4. SUR LES FRAIS DU PROCÈS ET L’EXÉCUTION PROVISOIRE
Aux termes de l’article 696 du code de procédure civile, la partie perdante est condamnée aux dépens, à moins que le juge, par décision motivée, n’en mette la totalité ou une fraction à la charge d’une autre partie.
En application de l’article 700 1° du code de procédure civile, dans toutes les instances, le juge condamne la partie tenue aux dépens ou la partie perdante à payer à l’autre partie la somme qu’il détermine au titre des frais exposés et non compris dans les dépens. Le juge tient compte de l’équité ou de la situation économique de la partie condamnée. Il peut, même d’office, pour des raisons tirées des mêmes considérations, dire qu’il n’y a lieu à condamnation.
Parties perdantes, Mme [D] [T] et Mme [F] [R] seront solidairement condamnées aux dépens, avec droit de recouvrement direct au profit de la SCP Martins et Sevin avocats pour ceux dont elle a fait l’avance sans avoir reçu provision, en application de l’article 699 du code de procédure civile.
Supportant les dépens, Mme [D] [T] et Mme [F] [R] seront solidairement condamnées à payer à la SA Société générale la somme de 800 euros sur le fondement de l’article 700 du code de procédure civile.
Enfin, les articles 514 et 514-1 du code de procédure civile disposent que les décisions de première instance sont de droit exécutoires à titre provisoire à moins que le juge en décide autrement s’il estime que cette exécution provisoire de droit est incompatible avec la nature de l’affaire.
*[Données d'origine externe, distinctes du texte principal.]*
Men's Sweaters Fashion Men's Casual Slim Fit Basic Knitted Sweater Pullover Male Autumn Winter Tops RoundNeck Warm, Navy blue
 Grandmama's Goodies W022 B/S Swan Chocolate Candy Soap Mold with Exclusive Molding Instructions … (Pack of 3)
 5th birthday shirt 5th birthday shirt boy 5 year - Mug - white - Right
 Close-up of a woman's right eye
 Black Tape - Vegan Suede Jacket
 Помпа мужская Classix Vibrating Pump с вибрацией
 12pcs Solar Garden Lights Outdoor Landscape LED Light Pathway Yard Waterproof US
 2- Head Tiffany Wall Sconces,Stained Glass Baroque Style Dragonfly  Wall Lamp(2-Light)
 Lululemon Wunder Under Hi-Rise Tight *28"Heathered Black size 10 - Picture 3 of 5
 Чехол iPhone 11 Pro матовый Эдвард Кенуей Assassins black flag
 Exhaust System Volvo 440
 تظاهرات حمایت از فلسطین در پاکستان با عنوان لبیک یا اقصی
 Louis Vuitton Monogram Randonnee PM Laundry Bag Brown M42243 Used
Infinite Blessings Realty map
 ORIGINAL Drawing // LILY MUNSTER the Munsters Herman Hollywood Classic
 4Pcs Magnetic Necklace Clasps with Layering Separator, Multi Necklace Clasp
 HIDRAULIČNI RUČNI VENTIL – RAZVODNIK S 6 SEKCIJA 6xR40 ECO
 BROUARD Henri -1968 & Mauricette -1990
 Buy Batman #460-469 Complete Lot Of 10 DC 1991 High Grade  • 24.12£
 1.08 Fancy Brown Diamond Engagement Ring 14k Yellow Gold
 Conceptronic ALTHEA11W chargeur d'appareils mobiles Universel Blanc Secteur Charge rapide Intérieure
En l’occurrence, il n’y a pas lieu de déroger au principe sans qu’il ne soit nécessaire de le rappeler dans le dispositif.
PAR CES MOTIFS
Le tribunal judiciaire,
PRONONCE la résiliation judiciaire du contrat de prêt Casa nova taux fixe n° 806006674151 avec effet au 5 octobre 2023 ;
CONDAMNE solidairement Mme [D] [T] et Mme [F] [R] à payer à la SA Société générale la somme de 49 276,10 euros, avec intérêts au taux contractuel de 4,26 % à compter de 29 décembre 2023, dans la limite des sommes de 143 400 euros pour Mme [F] [R], au titre du contrat de prêt Casa nova taux fixe n° 806006674151 ;
ORDONNE la capitalisation des intérêts qui seront solidairement dus par Mme [D] [T] et Mme [F] [R] pour une année entière à compter du jugement ;
DÉBOUTE la SA Société Générale du surplus de sa demande de paiement au titre du contrat de prêt Casa nova taux fixe n° 806006674151 ;
PRONONCE la résiliation judiciaire du contrat de prêt Nouveau prêt à 0 % n° 806006674144 au jour de l’assignation ;
CONDAMNE solidairement Mme [D] [T] et Mme [F] [R] à payer à la SA Société générale la somme de 14 400 euros, avec intérêts au taux contractuel de 0 % à compter jugement, dans la limite des sommes de 21 600 euros pour Mme [F] [R], au titre du contrat de prêt Nouveau prêt à 0 % n° 806006674144 ;
DÉBOUTE la SA Société Générale du surplus de sa demande de paiement au titre du contrat de prêt Nouveau prêt à 0 % n° 806006674144 ;
DÉBOUTE la SA Société Générale de sa demande de dommages et intérêt pour préjudice financier au titre du contrat de prêt Casa nova taux fixe n° 806006674151 ;
DÉBOUTE la SA Société Générale de sa demande de dommages et intérêt au titre du contrat de prêt Nouveau prêt à 0 % n° 806006674144 ;
CONDAMNE solidairement Mme [D] [T] et Mme [F] [R], avec droit de recouvrement direct au profit de la SCP Martins et Sevin avocats ;
CONDAMNE solidairement Mme [D] [T] et Mme [F] [R] à payer à la SA Société générale la somme de 800 euros sur le fondement de l’article 700 du code de procédure civile.
Le présent jugement ayant été signé par le président et le greffier.